Before creating any tables we need to think about the end goal – searching and finding trends. Searching means indexing and why not make use of the distributed power of Hadoop to achieve this? Mainly because distributed indexing is quite the challenge. However, Open source saves us again in the form of Apache Solr. Solr 4.0 includes SolrCloud with sharding and the integration of Zookeeper. Apache Zookeeper provides synchronisation of distributed services, filling in the distributed index gap.
My main gripe with Solr is the lucene TrieDateField format, it’s very strict in what it can accept by default. Bringing this issue into context, we need the date format in our journey data to be the same format as Solr expects to enable indexing. This is not the case with our journey data so we can’t simply join our weather and journey data using Hive, we need a preprocessing step.

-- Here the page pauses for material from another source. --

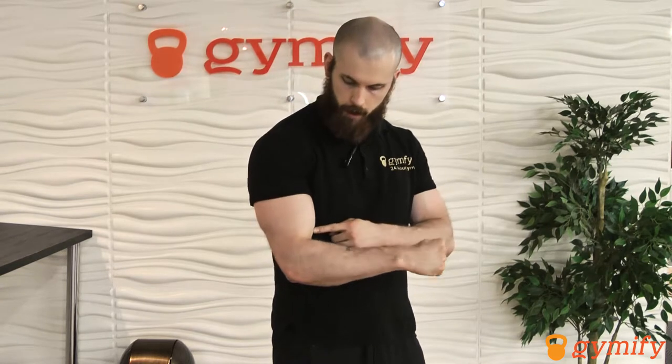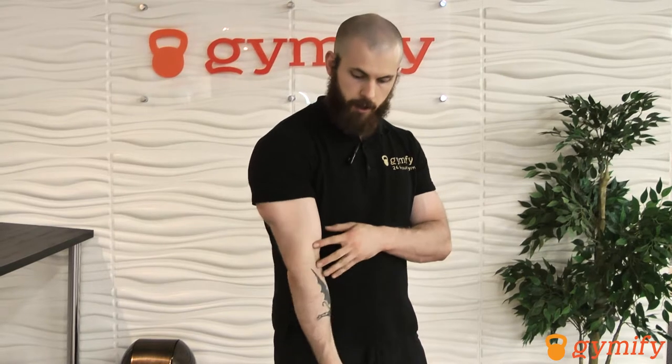The difference between a hammer curl and a traditional dumbbell curl is the muscle that it's targeting on the inside. If you look at my bicep, its actual function is to turn my wrist over like this. You see how it contracts when I do that? The powerful movement of moving your forearm up towards your upper arm is done by a muscle deep beneath the bicep called brachialis.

Any excuse for another puzzle piece, this time it’s Morphlines. Morphlines is part of Cloudera’s Kite SDK, aimed at simplifying MapReduce jobs using configuration files. We still need to create a MapReduce job, but it just wraps the Morphline configuration file. We use this to take our journey data, process it line by line and output a freshly formatted csv.

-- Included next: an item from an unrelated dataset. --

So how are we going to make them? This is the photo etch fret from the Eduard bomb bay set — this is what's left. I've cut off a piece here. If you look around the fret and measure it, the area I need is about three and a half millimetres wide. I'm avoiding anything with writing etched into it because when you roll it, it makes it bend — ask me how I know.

Now we can get back to Hive and create three tables: one for journey data, one for weather and, for visibilities sake, the joined table that we will load into Solr.
After grabbing a csv export of the joined table and setting up Solr, we use Morphlines one final time to post our meaningful data into Solr – where it is indexed.
Hue Search Dashboards
Packed neatly into CDH 5.1 is the new dynamic dashboard portion of Hue. This is what all our data loading has been about. Dynamic dashboards make use of Solr collections to build an open source, distributed, interactive search. This is cutting edge technology that’s been reserved for custom implementations and proprietary software for a very long time, it’s great to see Hadoop make this option more accessible.
Dynamic Dashboards are neat, simple drag and drop WYSIWYG views which support pie charts, time lines, bar charts, faceting and maps.
What’s even better is that each of these widgets are interactive – you can highlight a portion of a time line to filter all other widgets in the view.
Along the top we also have our search field which supports complex searching, powered by Solr.
I am very impressed by the enterprise capability of this search, so much so that here at Kainos we will be integrating it as a core feature in one of our projects.
The outcome of all of this is that I can now identify trends in my driving style and whether they changed with the weather. Call it simple visual analytics, search or shiny graphs but whatever you call it be sure to include the sheer accessibility of this platform and it’s potential.